Department of Surgery, National Cheng Kung University Hospital, College of Medicine, National Cheng Kung University, Tainan, Taiwan.
Thorac Cancer. 2022 Jan;13(2):182-189. doi: 10.1111/1759-7714.14237. Epub 2021 Nov 20.
Although epidermal growth factor receptor-tyrosine kinase inhibitors (EGFR-TKIs) have been the standard treatment for advanced EGFR-mutant adenocarcinoma, the effects of upfront EGFR-TKI use in unresectable stage III EGFR-mutant adenocarcinoma remain unexplored. Here, we conducted a retrospective study to compare different treatment strategies in these patients.
From October 2010 to June 2019, patients with unresectable stage III adenocarcinoma who received treatment at a tertiary referral center were enrolled. Patients were classified into three groups: EGFR-mutant adenocarcinoma treated with concurrent chemoradiotherapy (group 1) or EGFR-TKI (group 2) and EGFR wild-type adenocarcinoma treated with concurrent chemoradiotherapy (group 3). Progression-free survival, progression-free survival-2, and overall survival were estimated and compared using Kaplan-Meier and log-rank tests.

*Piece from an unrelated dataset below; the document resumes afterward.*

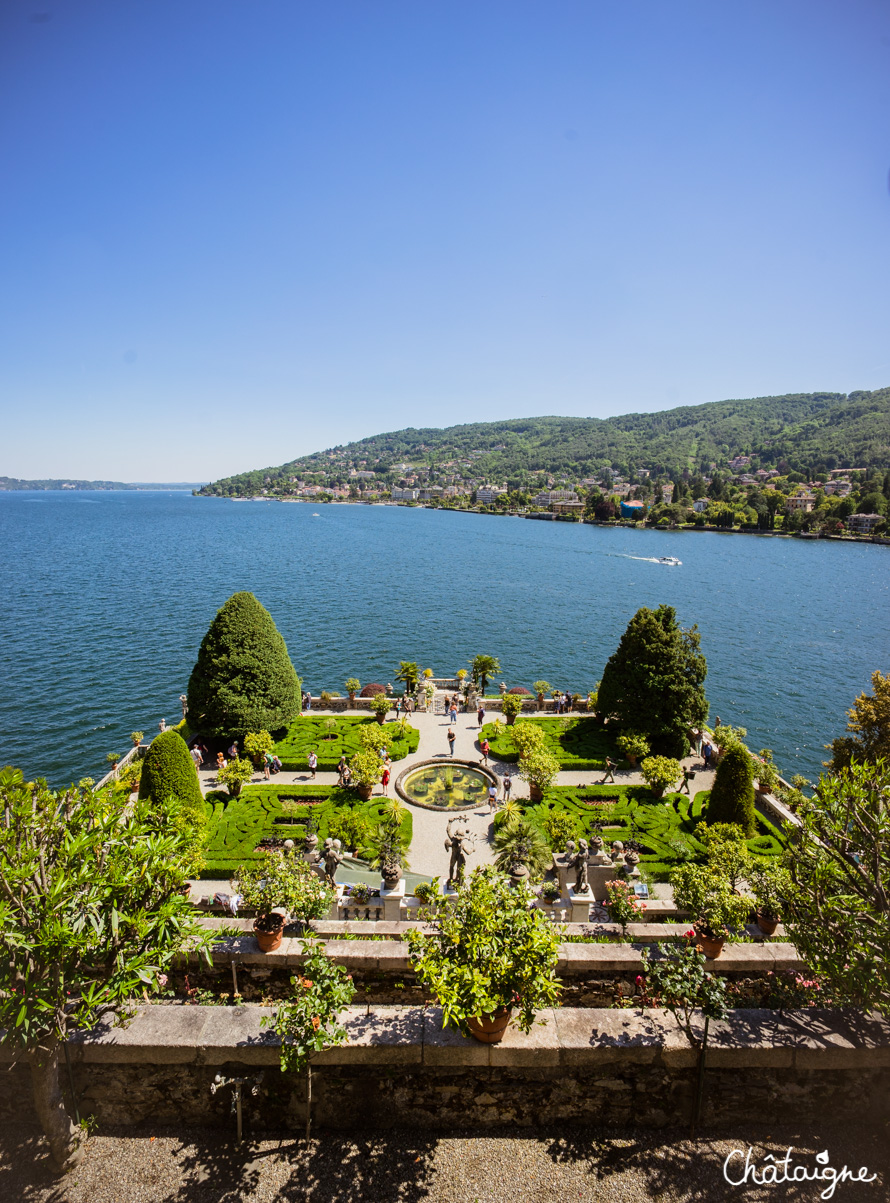 Quelques jours en Lombardie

A total of 92 patients were enrolled; 10, 40, and 42 patients were assigned to groups 1, 2, and 3, respectively. Patients with EGFR mutations who received upfront EGFR-TKIs had significantly longer progression-free and overall survival than those who received upfront concurrent chemoradiotherapy (hazard ratio 0.33 vs. 0.34, p = 0.006 vs. 0.031) according to a Cox model adjusted for possible confounders. Moreover, upfront concurrent chemoradiotherapy did not lead to higher survival rates in patients with EGFR mutations than in those with EGFR wild-type adenocarcinoma (progression-free survival; hazard ratio 0.37, p = 0.036; overall survival; hazard ratio 0.35, p = 0.080) by Cox regression analysis.
This current study suggests that EGFR-TKIs is a better choice for patients with unresectable stage III EGFR-mutant adenocarcinoma. However, further randomized studies are required to validate the results.

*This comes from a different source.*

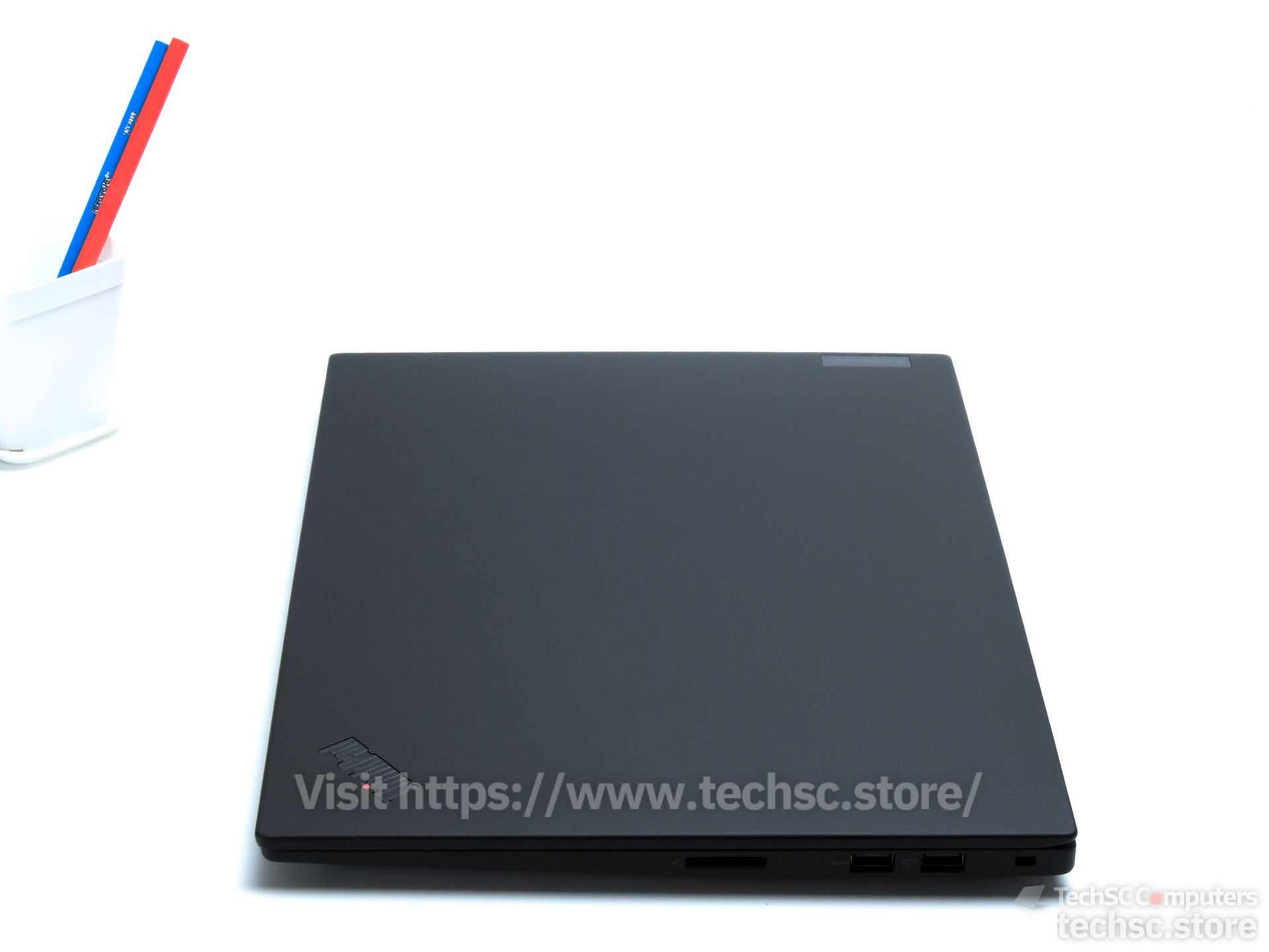 Lenovo ThinkPad P1 Gen 6 16" (i7-13800H vPro, Quadro RTX, 32GB RAM, 1TB, Prem 2027 Wty) [A]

尽管表皮生长因子受体酪氨酸激酶抑制剂(EGFR-TKIs)已成为晚期 EGFR 突变型腺癌的标准治疗方法,但在不可切除的 III 期 EGFR 突变型腺癌中, upfront EGFR-TKI 的使用效果仍未得到探索。在这里,我们进行了一项回顾性研究,以比较这些患者的不同治疗策略。
从 2010 年 10 月至 2019 年 6 月,在一家三级转诊中心接受治疗的不可切除的 III 期腺癌患者被纳入研究。患者被分为三组:接受同步放化疗(组 1)或 EGFR-TKI(组 2)治疗的 EGFR 突变型腺癌患者和接受同步放化疗(组 3)治疗的 EGFR 野生型腺癌患者。使用 Kaplan-Meier 和对数秩检验估计和比较无进展生存期、无进展生存期-2 和总生存期。

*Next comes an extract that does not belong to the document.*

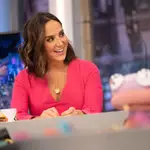 Tamara Falcó cuenta en 'El Hormiguero' su ruptura con Pablo Motos.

共纳入 92 例患者;分别有 10、40 和 42 例患者被分配到组 1、组 2 和组 3。根据 Cox 模型调整可能的混杂因素后, upfront EGFR-TKIs 治疗的 EGFR 突变患者的无进展生存期和总生存期显著长于 upfront 同步放化疗患者(风险比 0.33 对 0.34,p=0.006 对 0.031)。此外, Cox 回归分析显示, upfront 同步放化疗并未导致 EGFR 突变患者的生存率高于 EGFR 野生型腺癌患者(无进展生存期;风险比 0.37,p=0.036;总生存期;风险比 0.35,p=0.080)。
本研究表明,EGFR-TKIs 是不可切除的 III 期 EGFR 突变型腺癌患者的更好选择。然而,需要进一步的随机研究来验证这些结果。